If I'm running VMWare 5.x on FC [edit] LUNs presented from a Netapp running ontap 8.x in 7 mode, what steps should I take to ensure that the VMs can withstand a worst possible case cluster node failover? HBA settings? ESX settings? Modifications to the VMs' settings? I know this is all handled with the host kit from Netapp, but we want to know what it's doing and/or do it ourselves.
A cf takeover on Netapp is usually quite fast, but can in some cases run up to 3 minutes.
Mainly you want to make sure your VM's will be OK with no disk IO. Installing the VMware tools will take care of this with 4.x and newer. You also want to set the right settings on your ESX hosts related to timeouts, these are detailed on the netapp site in TR-3749
Really it does not matter which protocol you are using for cluster fail overs since the guests will see the same thing - their disks will be offline/read only for a brief period. This script can help you set the NetApp recommended settings on the VMs but I am pretty sure the VMware tools install does it for you.

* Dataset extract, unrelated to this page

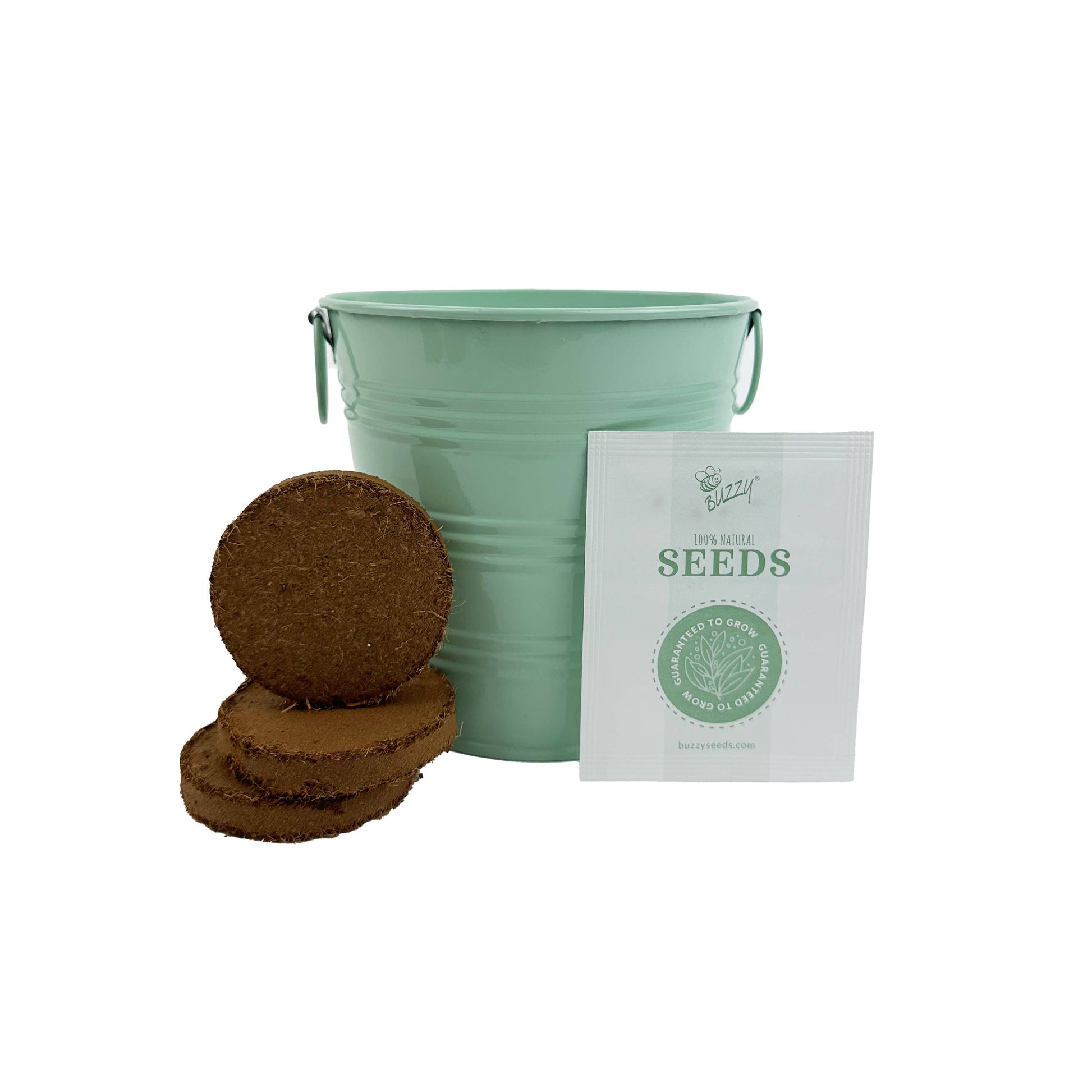 Green metal bucket, brown growing medium pellets and a white seed packet on a white background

On the ESX/ESXi side it depends on what versions of ESX/OnTap you are running but it's not something intended for you to edit. You can force MRU/RR etc but that is only how it discovers the paths to it's LUNs (unless you are doing something odd in your switching should be pretty much set and forget). You can't actually speed up the failover itself, it's a function of how long it takes for the controller to boot and sync and then replay the data in NVRAM. VMware & NetApp's PSP/SATP work together to manage this stuff. For more info you can use esxcli to look at (and edit a limited about) of these settings. Try esxcli storage nmp and esxcli storage san fc to dig in but personally I wouldn't mess with this stuff unless I had a specific need, even if you manage to squeeze some performance improvements out you may end up breaking compatibility with future releases etc.
For the HBA's it depends, the main thing to look at there is queue depth but that depends on how you have your workload configured. On the filer side you shouldn't need to change the queue settings, it's supposed to adjust itself based on workload.
If you're using FC I highly recommend at least trying NFS as well, it can make your life so much easier.